İlk 500 üniversite arasına girmenin, ‘seçkin’ üniversite yönetimlerince ‘prestij konusu haline’ getirilmesinin temel gerekçesi, üniversite yönetimlerinin saçma üniversite anlayışlarıdır. Bir de tabii ‘seçkinlik’ hevesleri.
Türkiye iki yıl boyunca OHAL ile yönetildi ve hiçbir seçkin üniversite doğru dürüst bir OHAL konferansı yapmadı. Neden? Çünkü seçkinler! Yüksek bilim yapıyorlardı o esnada. Öylesine daldılar ki bilimin gözleri kamaştıran ışığına, OHAL’de olduğumuzu dahi fark etmediler. Neden? Çünkü seçkinler!

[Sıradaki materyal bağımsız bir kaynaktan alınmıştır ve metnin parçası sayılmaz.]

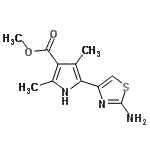 CAS#: 315694-33-8, Methyl 5-(2-Amino-1,3-Thiazol-4-Yl)-2,4-Dimethyl-1H-Pyrrole-3-Carboxylate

Okuyacağınız yazı, söz konusu kurumların ‘ilk 500 tutkusu’konusundaki heves ve ısrarı ve tabii söz konusu idarecilerin, kurumlarında çalışan yetenekli ve hevesli akademisyenleri tüketmek için harcadıkları çabanın içeriği üzerine.
Türkiye riya tarihinin en cazip başlıklarından biridir üniversiteler. Bu kapsamda son zamanların en tartışmalı konularından biriyse ilk 500 arasına girme sohbetleri.
Ne demek ilk 500? Ve neden tartışan herkes o ilk 500’e girmenin üstün değeri konusunda hemfikir?
Kerameti kendinden menkul bazı uluslararası kuruluşlar var. Bunlar çeşitli ölçütleri göz önünde bulundurarak binlerce üniversiteyi inceliyor ve aralarında bir sıralama yapıyor. Kullandıkları ölçütlerin akademik değerleri tartışmalı hatta bir kısmı açıkça gülünç. Yine üniversiteleri alt alta dizerken yararlanılan çeşitli endeksler söz konusu (sci, ssci, ahci vs.) ve bu endeksler içinde yer alan dergilerde yayın yapıldığında sıralamadaki yeriniz de belirleniyor. Endekslere giren dergilerin büyük çoğunluğu İngilizce. Başkaca dillerde yayın yaparak girmek de mümkün ancak İngilizcenin büyük hakimiyeti tartışılmaz.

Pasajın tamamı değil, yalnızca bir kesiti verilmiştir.